Doc Savage The Man of Bronze has hit the comic book shelves once again. Despite a highly successful and influential run in the vintage days of pulp and a legendary rebirth in the days of of paperback, Doc Savage has never been all that successful in comics. Street & Smith tried him out for several issues, substantially redesigning him for all that, Gold Key did a one-off, Marvel briefly ran both a color and black white version, and DC has recently finished the second of two runs of the character. Others like Millennium and Dark Horse have dabbled with the character too. But Dynamite is the most recent and their debut issue dropped a few weeks ago.
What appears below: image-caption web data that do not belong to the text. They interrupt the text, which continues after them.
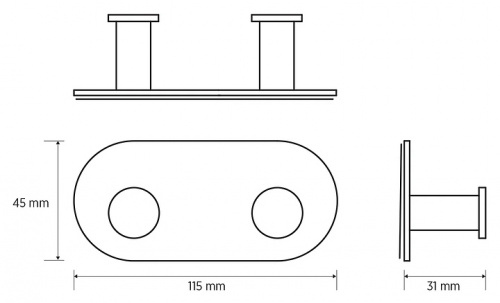 картинка Крючок двойной Bemeta Easy 163106371 хром глянцевый от магазина Сантехстрой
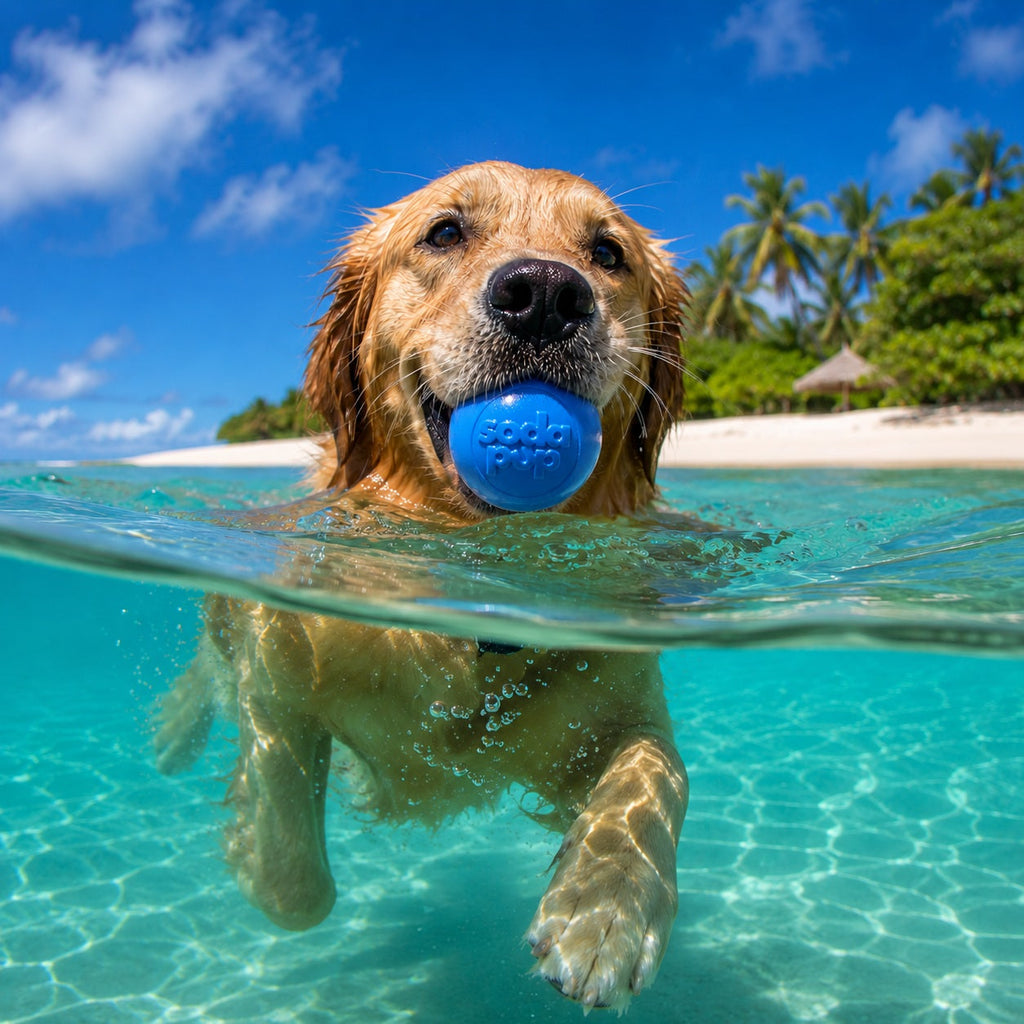 Squeak Ball - Durable Squeaky Dog Toy, Floats, Chew Toy | USA Made by SodaPup/True Dogs, LLC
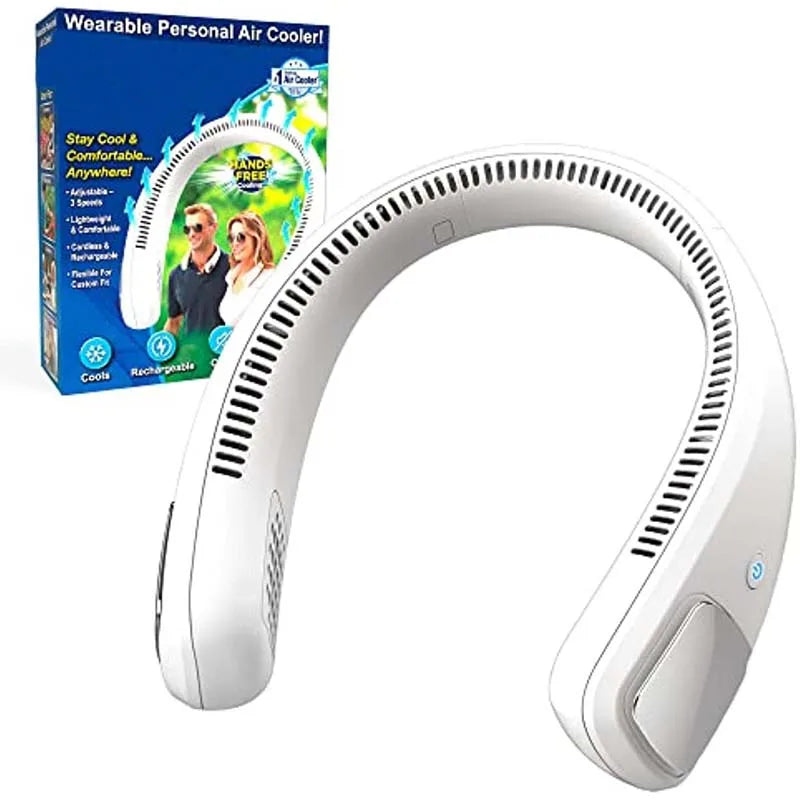 Portable Bladeless Neck Fan - 3-Speed USB Rechargeable Air Cooler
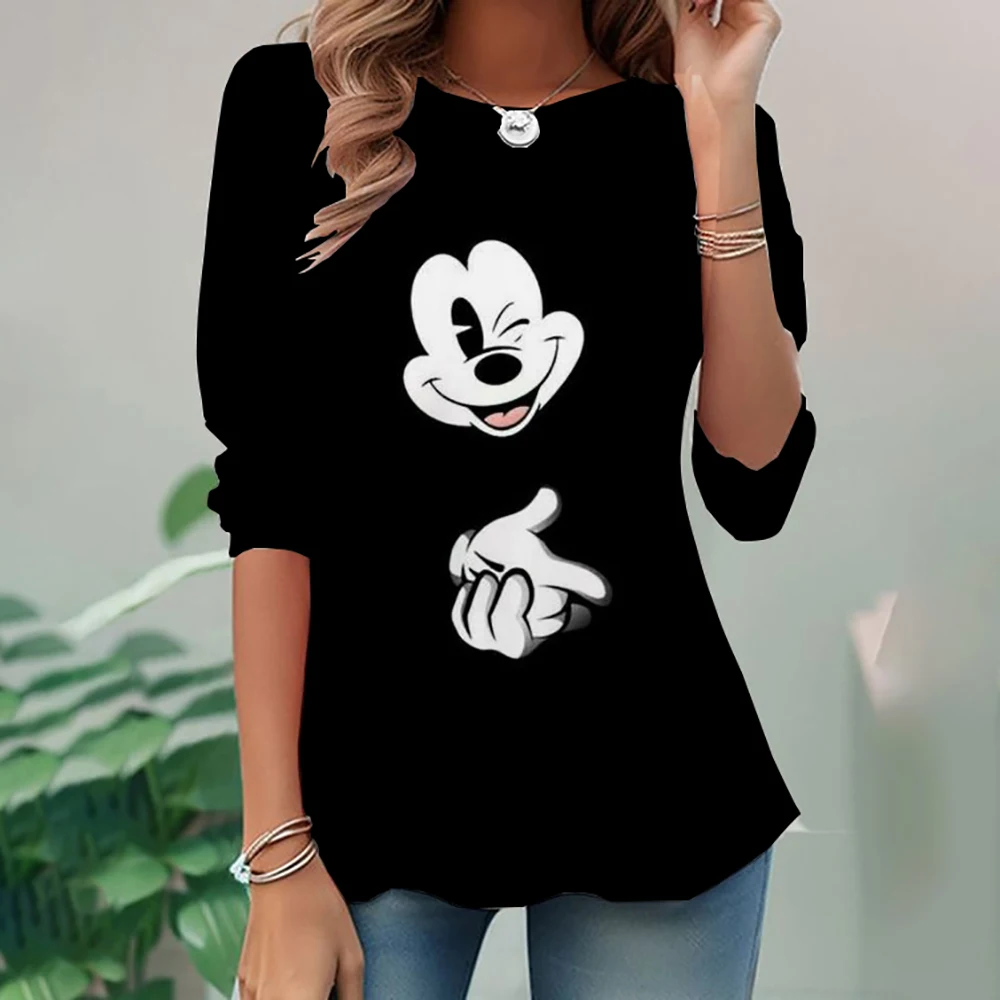 Women's Disney Mickey Mouse print T-shirt Funny pattern long sleeve T-shirt Loose cotton pullover Visual deviation long sleeve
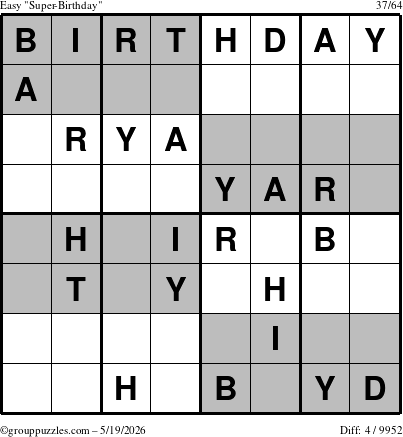 The grouppuzzles.com Easy Super-Birthday puzzle for Tuesday May 19, 2026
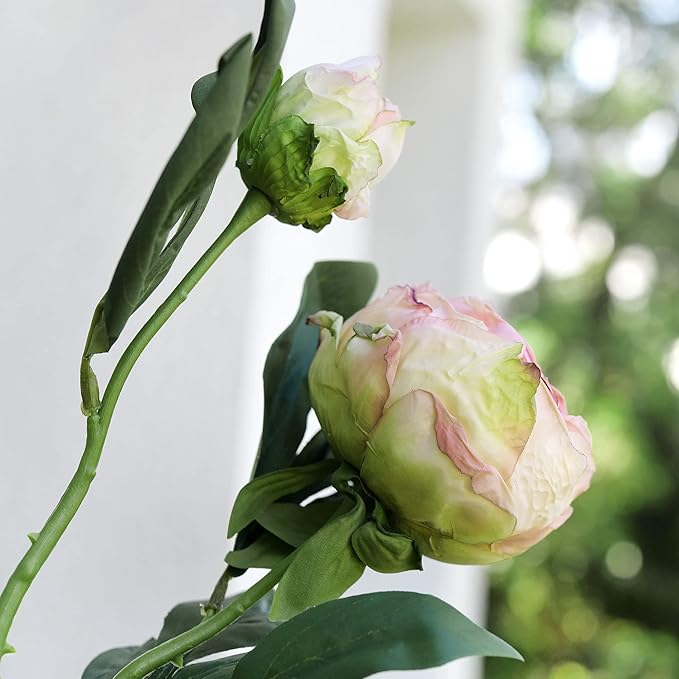 FiveSeasonStuff Vintage Blush Pink Peonies – Realistic Artificial Silk Flowers with Dry-Look Petals, 6 Stems for Rustic Home & Wedding Bridesmaids Bouquet Bridal Showers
Despite a wonderfully evocative Alex Ross cover (inspired by Steranko's iconic SHIELD #4 ) and a very pulpy and action-filled John Cassady cover, the comic itself was pretty listless. The artist, Bilquis Evely, seems typical of the modern breed, and offers up a fragile lined image which doesn't to my mind evoke much of anything heroic. Doc appears actually smaller than he should, not large larger than life, and larger than his peers. He and his aides appear to be more or less real men among other rather typical looking folks. There's no power or punch to the presentation of layouts, and certainly no one scene in the story is especially memorable.
This story by Chris Roberson is the beginning of a saga which will span the eighty years since Doc's creation, beginning in the heyday of the 30's and moving forward in time. The mystery Doc and his Fantastic Five confront is a peculiar zone of beserker-madness which overcomes New Yorkers then passes. The zone of influence seems to increase and we watch and Doc analyzes the problem stoically and responds in ever-increasing severity to the growing threat. The mystery in the issue itself seems unimportant really, save for what looms in the future as we are told this story is far from over. Doc himself seems oddly disengaged from the events, too clinical by half to make the reader care about what is happening. The threat seems strangely intellectual and remote despite its antic nature.
The sad truth is, this story lacks both the blood and thunder which informs good pulp adventure. It's a failed effort at a Doc story, and sadly makes me disinterested in future issues. I likely will stay with this first storyline just to see how it resolves and to see if it improves, but afterwards it's anyone's guess.